Here’s a sign that Kentucky’s politics might finally be shifting away from coal
“There is no red Kentucky or blue Kentucky. There is only charcoal black,” James Higdon wrote in Politico in 2014, noting the dominance of the coal industry in the state.
Two years later, we’re starting to see that change. In Kentucky’s Tuesday primary, the ballot includes a handful of politicians who are no longer railing against the “war on coal,” but are trying to reckon with what happens after coal mines shut down.
This is easiest to see in the Democratic presidential primary. While campaigning in Kentucky and West Virginia, Hillary Clinton and Bernie Sanders mostly resisted pandering to coal country. Sanders, an outspoken critic of fossil fuel production, won the West Virginia primary. Clinton said, “We’re going to put a lot of coal miners and coal companies out of business,” and got a lot of backlash for it. She offered a qualified apology, emphasizing her $30 billion stimulus plan for mining communities, but still insisted, “we’ve got to move away from coal and all the other fossil fuels.”
What’s happening in a little-watched Senate primary is even more interesting than the presidential race.
There are six Democrats running to compete against Republican Sen. Rand Paul this fall.

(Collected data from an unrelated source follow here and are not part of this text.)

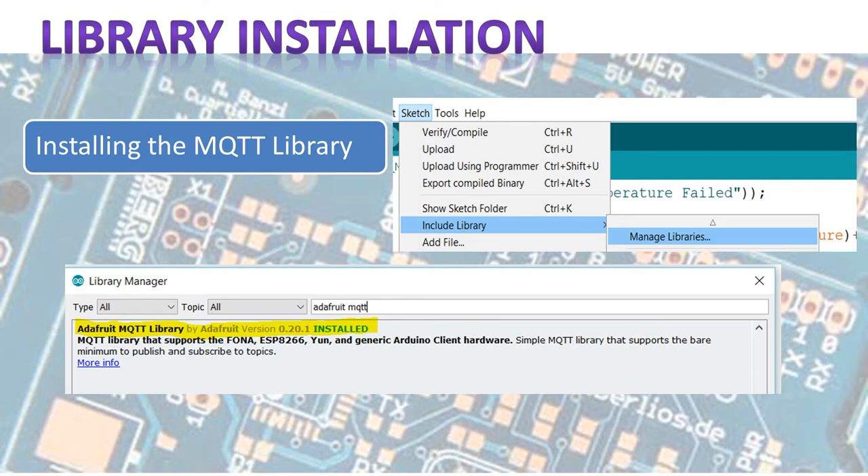Next, we need to install the library we're going to use. We do that the same way as before — go to the Arduino IDE, go to Sketch menu, Include Library, Manage Libraries, type 'Adafruit MQTT' in the search bar, and install this version or higher.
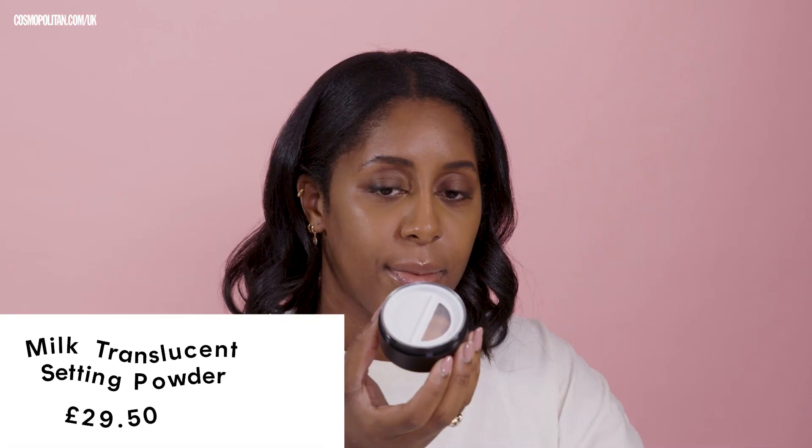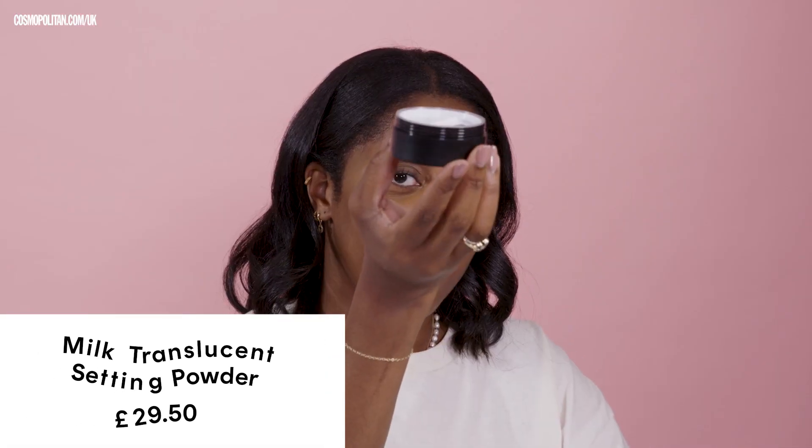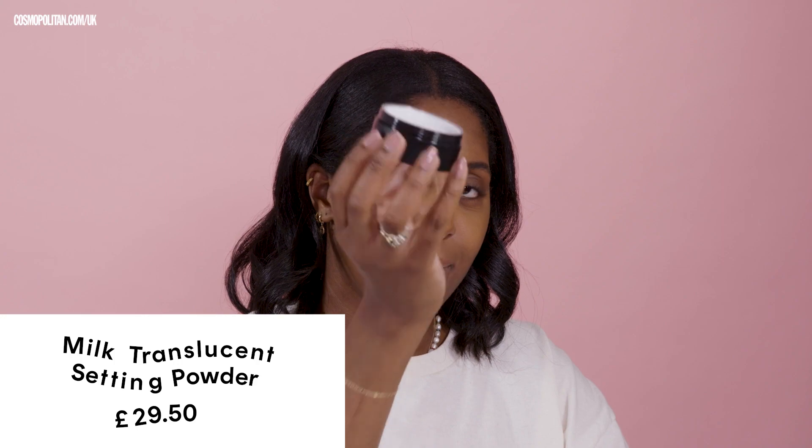It's talc-free. I love setting powder because I have extremely oily skin, and I really like to set my liquid products in place — whether that be concealer or foundation — I always, always, always go in with a setting powder. So I like to think of myself as a bit of a setting powder connoisseur.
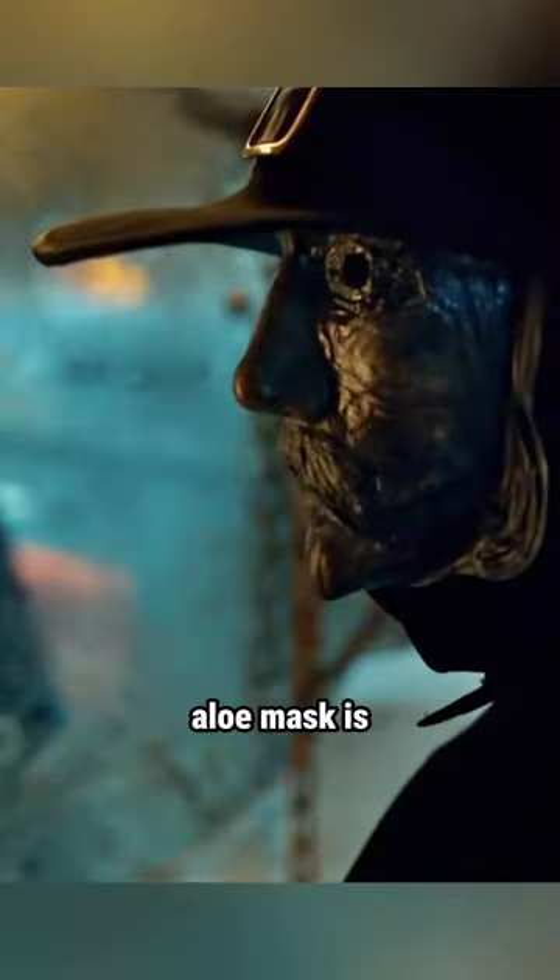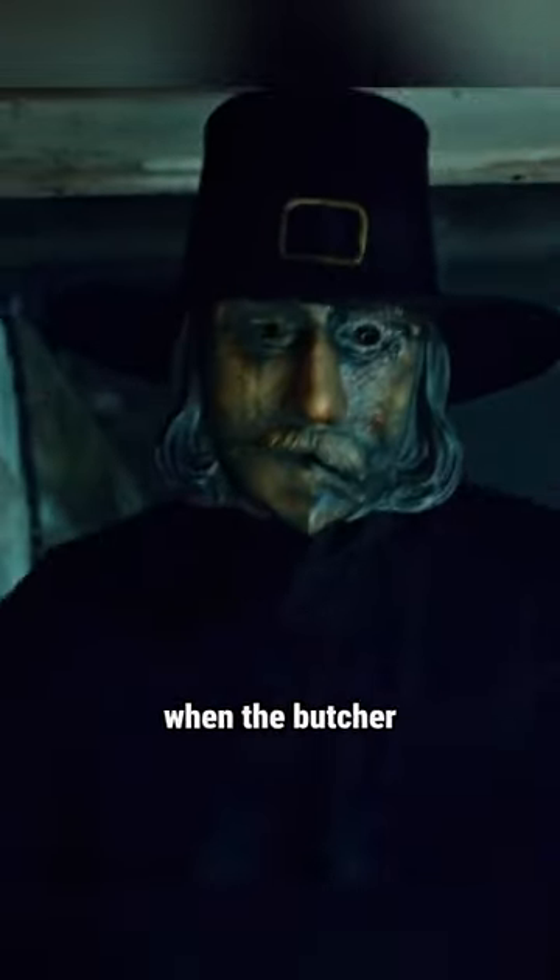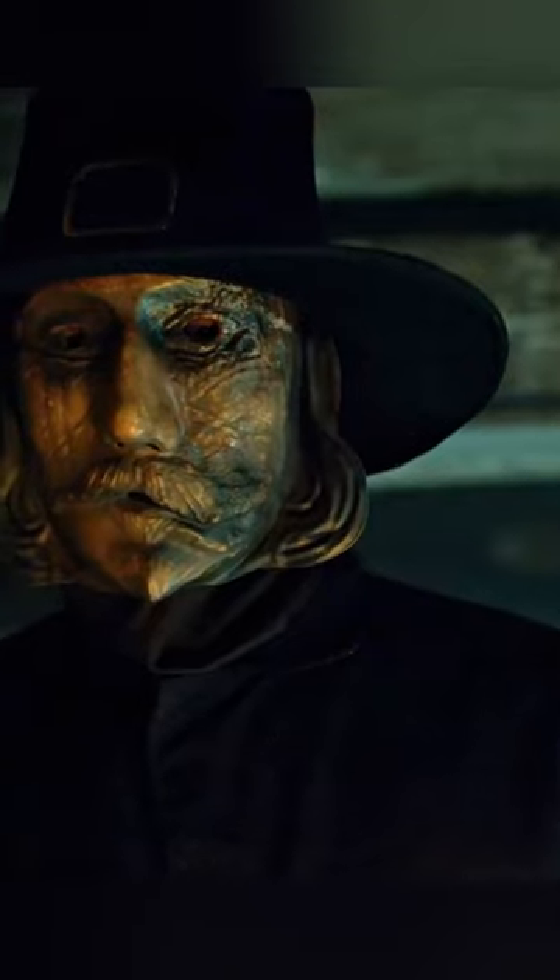Only a few seconds have passed. The titanium aloe mask is warped by the high temperature. When the butcher returns to retrieve her, the women are gone.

The frontrunner on Tuesday is Lexington Mayor Jim Gray, and one of his challengers is Sellus Wilder, an underfunded environmentalist.
Gray hasn’t said much publicly about climate change or controversial policies like President Obama’s Clean Power Plan, but Wilder has. He considers coal to be a problem not only because it contributes to climate change, but also because it threatens public health. Instead of propping the coal industry up, he would prefer to see Kentucky work toward building a new, more sustainable economy. Most surprisingly, he says the “‘war on coal’ is kind of made up.” When confronted by miners in eastern Kentucky, Wilder says he doesn’t think these jobs are coming back – EPA or not. That’s why he’s calling for federal grants to support education in the state, build up new infrastructure, and provide economic relief.
“Until we’ve settled the fact that killing environmental regulations won’t bring coal back, we can’t move on to the next question: What we can do?” he said in an interview with Grist.
Wilder’s rare willingness to tackle these difficult topics earned him endorsements from Climate Hawks Vote, a super PAC favoring pro-climate candidates, and Kentuckians for the Commonwealth, a progressive statewide advocacy group.
For Kentucky, “it is a first that a serious candidate with some serious statewide credibility is calling for an end to coal,” Climate Hawks Vote founder R.L. Miller said.
Wilder thinks Kentucky voters want a conversation about clean air and water, especially after Flint’s water problems.
“I find it difficult to talk about [climate change] because it’s such a partisan issue and it seems that facts don’t really factor into the debate really well,” he said. “I find a lot more traction talking about things that affect people’s lives. I make a lot more progress talking about things like energy efficiency and the costs of air pollution and the fact that Kentucky has epidemic levels of lung cancer, heart disease, and issues that are all directly related to air quality.”
Wilder is a long shot to win the primary on Tuesday, and neither he nor Gray stand much chance against the incumbent Rand Paul.
Still, Wilder’s candidacy is a sign that political wisdom is shifting in the state. As Stephen Voss, a political scientist at the University of Kentucky, explains, a “substantial portion of the Democratic rank and file would like to see their party, and their statewide candidate, hew more closely to the national party’s environmental platform, but they have enjoyed only limited success so far.”
You could see signs of this in 2014 as well. Democratic Senate candidate Alison Lundergan Grimes ran against longtime Republican Sen. Mitch McConnell, and lost. She pandered to the coal industry, and split with her party over the Clean Power Plan and on climate action. That may have hurt her more than it helped, say some Democrats like Wilder, because it didn’t win her much support among the coal community. But it did alienate progressives. On the same ballot, Rep. John Yarmuth, the only Kentucky congressman to win the Sierra Club’s endorsement, ended up earning 12,000 more votes than Grimes in the Louisville area.
Since we’re talking about Democrats here, we’re talking about a small portion of voters in Kentucky. Kentucky is not on the verge of becoming blue. And Republicans aren’t changing their approach yet. They’ll promise anything short of unicorns to coal miners this fall.
But if Democrats are starting coming around, then it may mean coal is finally losing its grip on politics, just like it lost its grip on the economy.